Mail Archives: cygwin/2003/10/10/20:17:11
hey,
I've been playing around with mingw and cygwin, and was wondering why these were separate
projects? I've been trying to get a unix API moved over to windows; I want a Unix
environment, but at the same time want to be able to make Win32 native binaries,
*without* the need of the cygwin dlls.
So - I've been trying various things:
1) cygwin
2) mingw
3) uwin
4) mks toolkit
all of which are unsatisfactory in some way or another. #3 and #4 in particular are
proprietary; and #3 and #4 both have less support in gnu tools than I care for. #3 looks
nice, but furthermore doesn't seem to be supported in at&t anymore..

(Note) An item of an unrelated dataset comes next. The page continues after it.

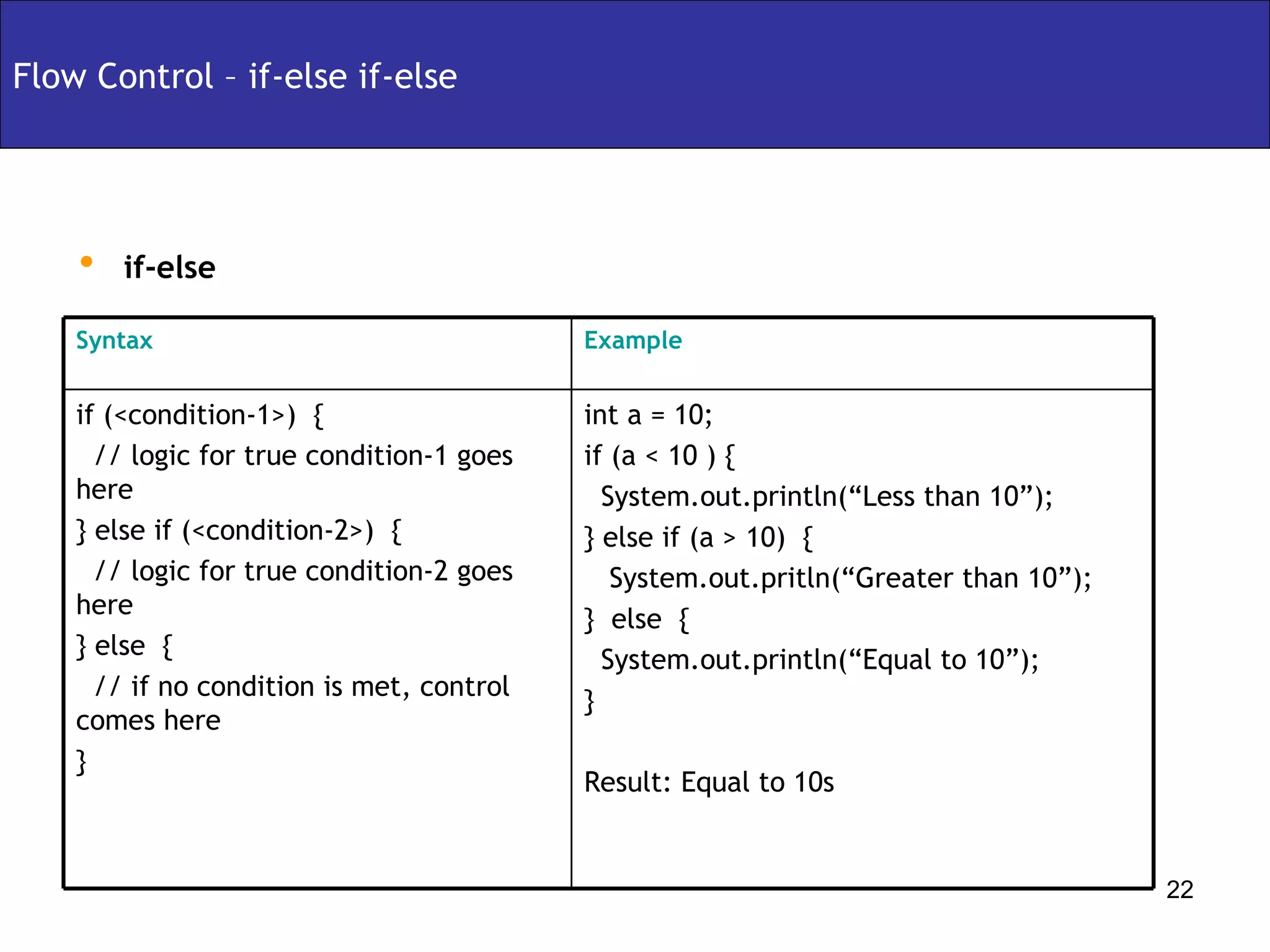 if-else Flow Control – if-else if-else int a = 10; if (a < 10 ) { System.out.println(“Less than 10”); } else if (a > 10)  { System.out.pritln(“Greater than 10”); }  else  { System.out.println(“Equal to 10”); } Result: Equal to 10s if (<condition-1>)  { // logic for true condition-1 goes here } else if (<condition-2>)  { // logic for true condition-2 goes here } else  { // if no condition is met, control comes here } Example Syntax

However, #1 and #2 are a puzzle: why are they two separate projects? Its terribly
confusing; both have the same executable files created (ln and rm, for example) so
its hard to use one with the other; and its got to be a maintenance nightmare to
support separate patches for mingw and separate patches for cygwin.
So - why aren't the two merged? Why isn't there a 'mingw' mode for cygwin, where
the ability to use the cygwin*.dll is turned off, and mingw executables can be compiled
under cygwin tools? And where constructs like using shortcuts for symlinks are turned
off, to make projects more win32 friendly...
I'd think that this would be easier in the long run. If the two projects were merged..
But then again, who am I to make such a decision.. ;-)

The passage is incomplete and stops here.